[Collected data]
================================

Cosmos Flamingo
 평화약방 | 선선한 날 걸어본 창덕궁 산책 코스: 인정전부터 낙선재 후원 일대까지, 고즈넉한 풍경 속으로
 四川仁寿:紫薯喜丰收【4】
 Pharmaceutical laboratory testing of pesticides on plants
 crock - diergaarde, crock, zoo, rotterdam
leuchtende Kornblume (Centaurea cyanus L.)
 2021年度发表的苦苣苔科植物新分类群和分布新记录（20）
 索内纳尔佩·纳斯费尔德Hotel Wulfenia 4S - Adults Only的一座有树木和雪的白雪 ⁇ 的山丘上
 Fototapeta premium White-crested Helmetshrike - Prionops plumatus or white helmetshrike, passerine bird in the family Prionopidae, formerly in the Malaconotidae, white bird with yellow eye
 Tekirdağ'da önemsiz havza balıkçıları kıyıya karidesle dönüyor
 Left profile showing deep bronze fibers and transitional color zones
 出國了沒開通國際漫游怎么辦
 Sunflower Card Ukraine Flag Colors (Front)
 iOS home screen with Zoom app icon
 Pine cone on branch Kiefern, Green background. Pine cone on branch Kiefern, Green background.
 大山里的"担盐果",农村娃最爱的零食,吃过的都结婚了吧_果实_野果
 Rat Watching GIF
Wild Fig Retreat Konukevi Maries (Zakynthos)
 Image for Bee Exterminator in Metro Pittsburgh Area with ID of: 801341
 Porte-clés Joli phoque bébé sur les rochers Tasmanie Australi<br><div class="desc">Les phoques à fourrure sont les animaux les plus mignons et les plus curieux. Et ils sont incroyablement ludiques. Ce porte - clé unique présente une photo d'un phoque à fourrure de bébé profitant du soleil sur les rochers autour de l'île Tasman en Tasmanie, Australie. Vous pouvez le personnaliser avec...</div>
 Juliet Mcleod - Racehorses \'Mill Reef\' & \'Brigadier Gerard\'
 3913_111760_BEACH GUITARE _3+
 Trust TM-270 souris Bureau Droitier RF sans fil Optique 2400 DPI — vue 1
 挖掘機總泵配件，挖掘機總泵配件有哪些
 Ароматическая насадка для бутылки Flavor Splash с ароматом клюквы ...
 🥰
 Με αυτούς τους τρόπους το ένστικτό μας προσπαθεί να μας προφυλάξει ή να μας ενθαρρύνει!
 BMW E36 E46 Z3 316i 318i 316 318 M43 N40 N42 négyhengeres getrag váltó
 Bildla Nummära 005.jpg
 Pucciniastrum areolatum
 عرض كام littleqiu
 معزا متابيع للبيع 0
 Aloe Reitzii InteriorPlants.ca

================================

Goal of the exercise: Taking the line with "2021年度发表的苦苣苔科植物新分类群和分布新记录（20）" as the first and the line with "Fototapeta premium White-crested" as the last, retype that stretch of the data above exactly, with no other lines.

Output of the exercise:
 2021年度发表的苦苣苔科植物新分类群和分布新记录（20）
 索内纳尔佩·纳斯费尔德Hotel Wulfenia 4S - Adults Only的一座有树木和雪的白雪 ⁇ 的山丘上
 Fototapeta premium White-crested Helmetshrike - Prionops plumatus or white helmetshrike, passerine bird in the family Prionopidae, formerly in the Malaconotidae, white bird with yellow eye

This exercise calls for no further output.